RECORDED INFORMATION:
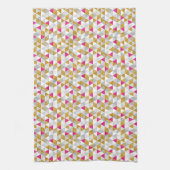 Diamond Speckle Geschirrtuch (Vertikal)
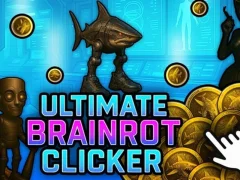 Hra Ultimate Brainrot Clicker online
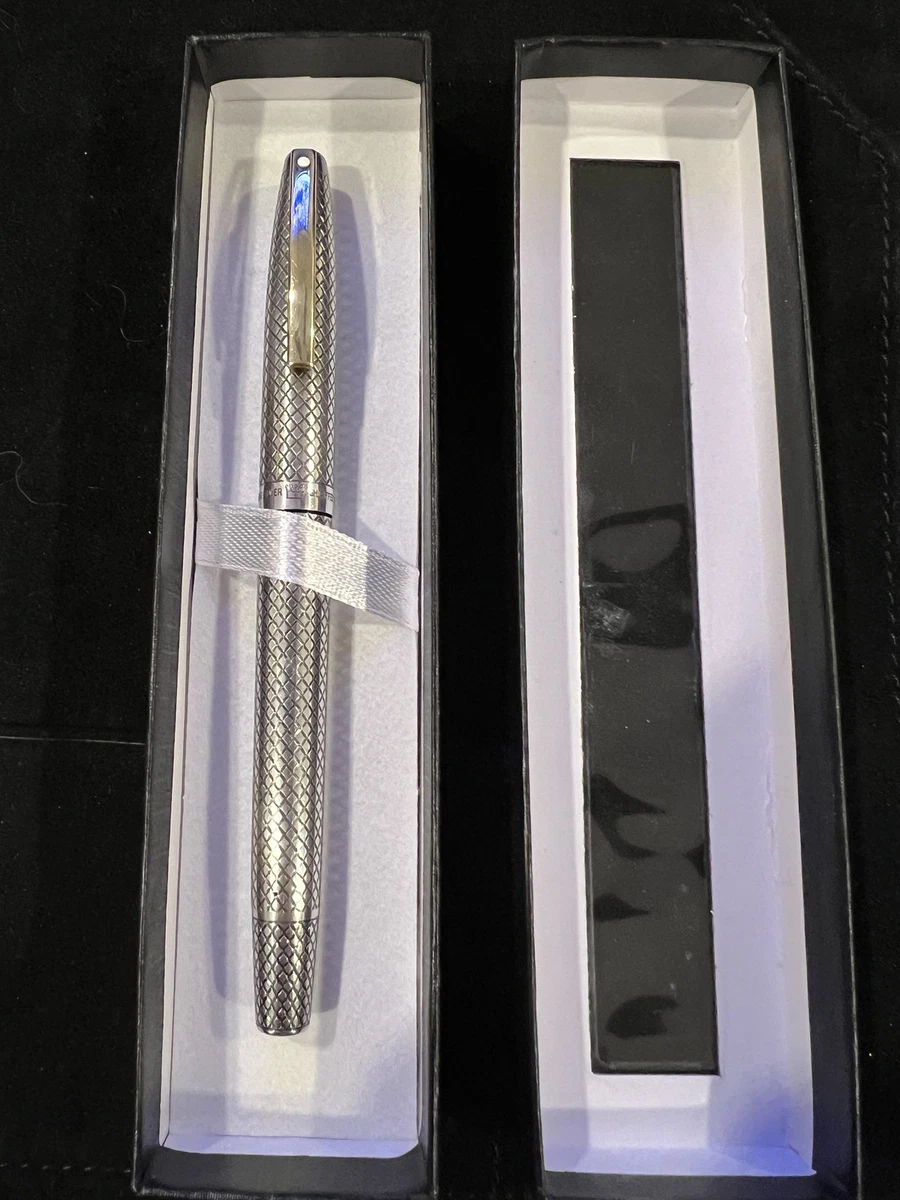 Sterling Silver Collectible Sheaffer Fountain Pens for sale | eBay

DIRECTIONS: Through to the final line, copy the material above exactly and skip the images.

YOUR SOLUTION:
 Diamond Speckle Geschirrtuch (Vertikal)
 Hra Ultimate Brainrot Clicker online
 Sterling Silver Collectible Sheaffer Fountain Pens for sale | eBay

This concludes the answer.